India is a weird place to buy cars. This is a country that has a vast base of prospective customers who can be targeted by manufacturers because, quite simply, Indians are spending more nowadays. By the way, I am not talking about GST.
I used the term weird because more often than not, Indians buy similar cars that use the same mechanicals but are named differently. Where manufacturers win is when they make their customers believe that their cars are completely ‘new’ and do not have any resemblance to their other product.
A case in point is the current crop of entry-level hatchbacks and sub-four metre sedans. Everything, ranging from Swift and Swift Dzire, Brio and Amaze, Tiago and Tigor, Bolt and Zest, Figo and Figo Aspire are marketed in such a way that they are absolutely ‘different’ from each other. I suspect the addition of air-con blower for the rear passengers is the cause for this and, people just gulp these products by the bucket load.

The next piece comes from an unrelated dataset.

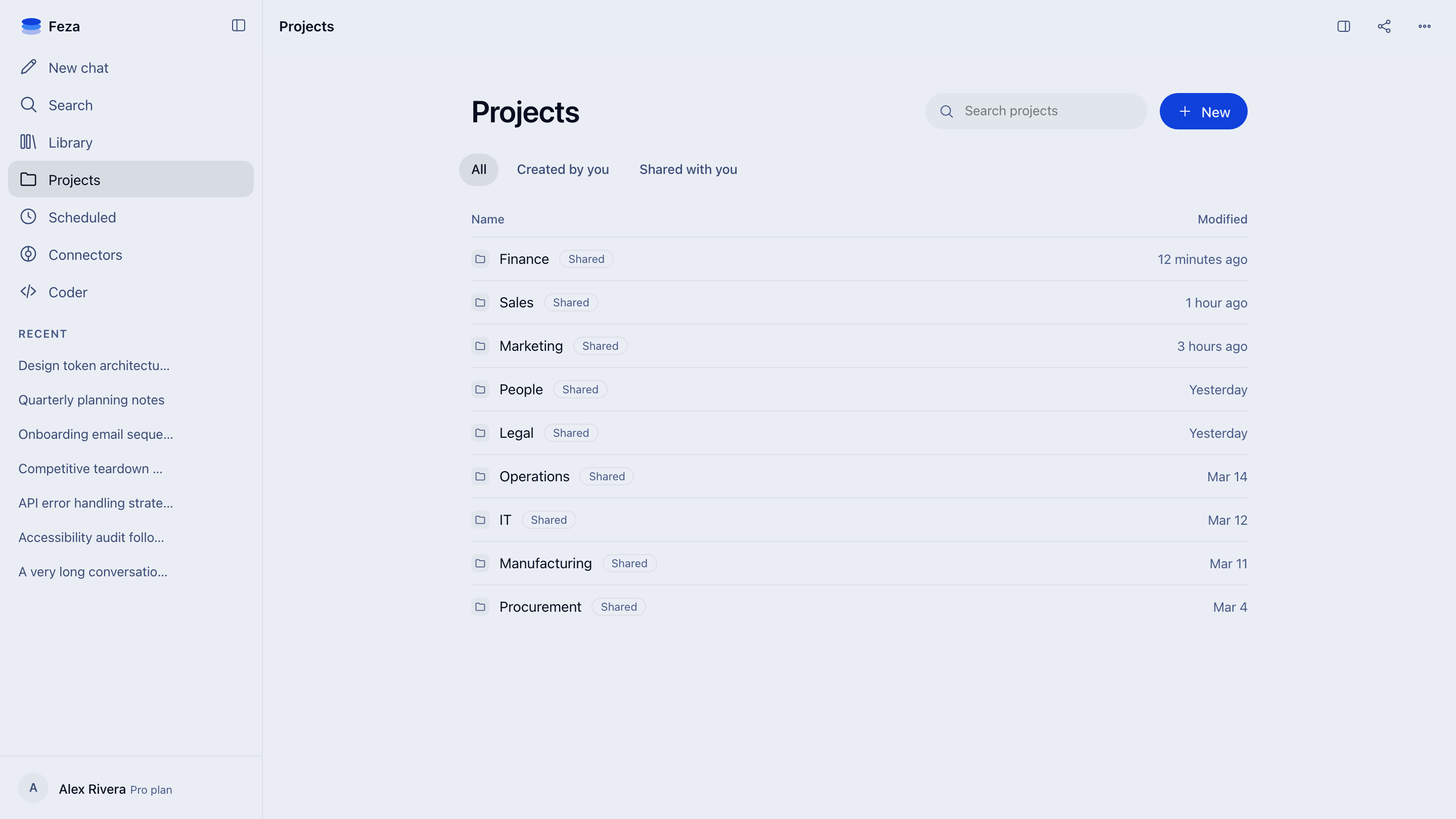 The projects list in Feza: each department with its own shared space inside one workspace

But they are not different, for they use the same mechanicals and are very similar, unless you believe that shelling out more money for a bit of boot space is a very good investment.

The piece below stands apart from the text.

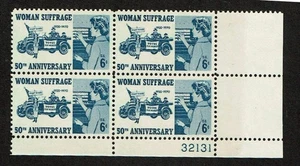 1970 U.S. COMMEM  6c WOMAN SUFFERAGE  Plt#Blk of 4 Sc#1406  M/NH/OG GEM - Picture 1 of 1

HOW THEY CAN REDUCE PRICES
I also do not understand why there is such a big difference in prices of these cars. Sure, I do accept it is not easy to lengthen the wheelbase of the car and is not easy to add a boot just like that. All this should not compromise the structure of the car because safety is very important. However, manufacturers can reduce the economies of scale in many other ways, especially since they do not have to go in search of new engines or transmission or suspension or a dashboard or switches, door handles, spare wheel, tyres, seats and I can go on.
The nomenclature is very different too. Manufacturers are hell bent in stating that their cars are different. Instead of calling a car – let us name it X – as X hatchback and X sedan and X estate, Somehow, manufacturers have got it into their heads that if cars differ in body shape, even if they only got slimmer, they should be given a new name.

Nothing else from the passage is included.